Marv,
I'm chagrined to learn (and not for the first time) that I;m such a
poor communicator. You do misunderstand me and the blame is mine. I should
make up a signature block that says "NO CUT IN PAY" several times.
Many workers do want more hours of work, so they can maintain or
improve or even have a standard of living, as you say. But I'm talking about
something else. Cutting hours, WITH NO CUT IN PAY, to open the opportunity to
develop a different vision of what a better life could be, is what I hope for.
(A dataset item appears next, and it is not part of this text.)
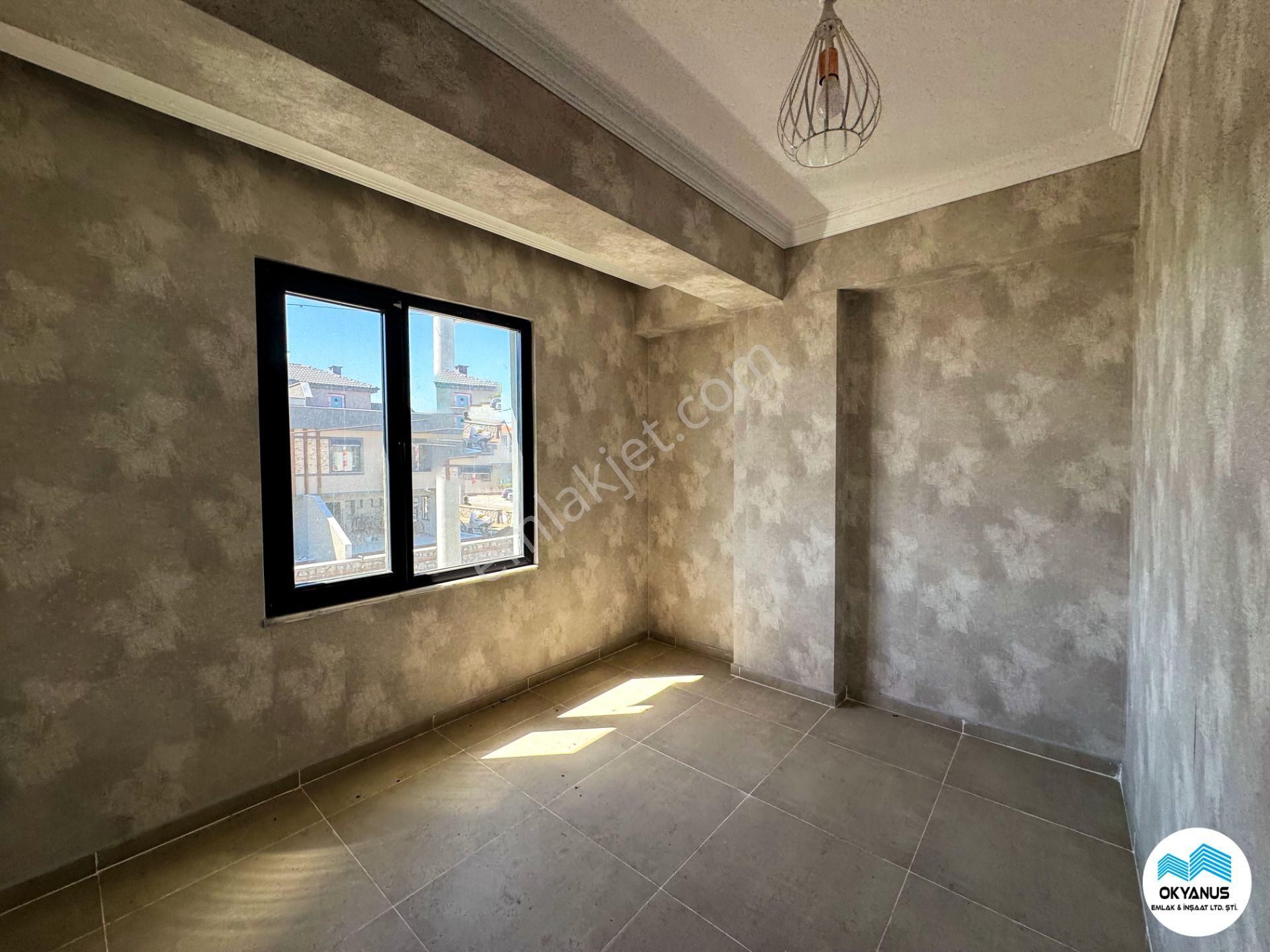 Karasu'da Denize Yürüme Mesafesinde Havuzlu 3+1 Satılık Villa - Görsel 25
Developing that vision with one's current living standards threatened, with
becoming worse off, ties workers (and those out of work) to wanting more work,
not less.
Let me quote from a book I'm reading just now which will make better
sense that I have.
"With utopian demands, the immediate goal is not deferred ... . To
make a demand is to affirm the present desires of existing subjects: this is
what we want now. At the same time, the utopian demand also points in the
direction of a different future and the possibility of desires and subjects yet
to come. The paradox of the utopian demand is that it is at once a goal and a
bridge; it seeks an end that is open-ended, one that could have a
transformative effect greater than a minor policy reform. Thus, the small
measures of freedom from work that the demands for basic income and shorter
hours might enable could also make possible the material and imaginative
resources to live differently." (page 222 in The Problem With Work, by Kathi
Weeks.)
Later on the same page she says:
"The demands for basic income and shorter hours offer neither
full-blown critiques of the work society or maps of a postwork alternative;
they prescribe neither a vision of a revolutionary alternative nor a call for
revolution, serving rather to enlist participants in the practice of inventing
broader visions and methods of change."
The two demands that she puts forth in the book, adopted from a 1998 manifesto
by Stanley Aronowitz, Dawn Esposito, William DiFazio and Margaret Yard, are for
a 30 hour work week and a Basic Income Guarantee.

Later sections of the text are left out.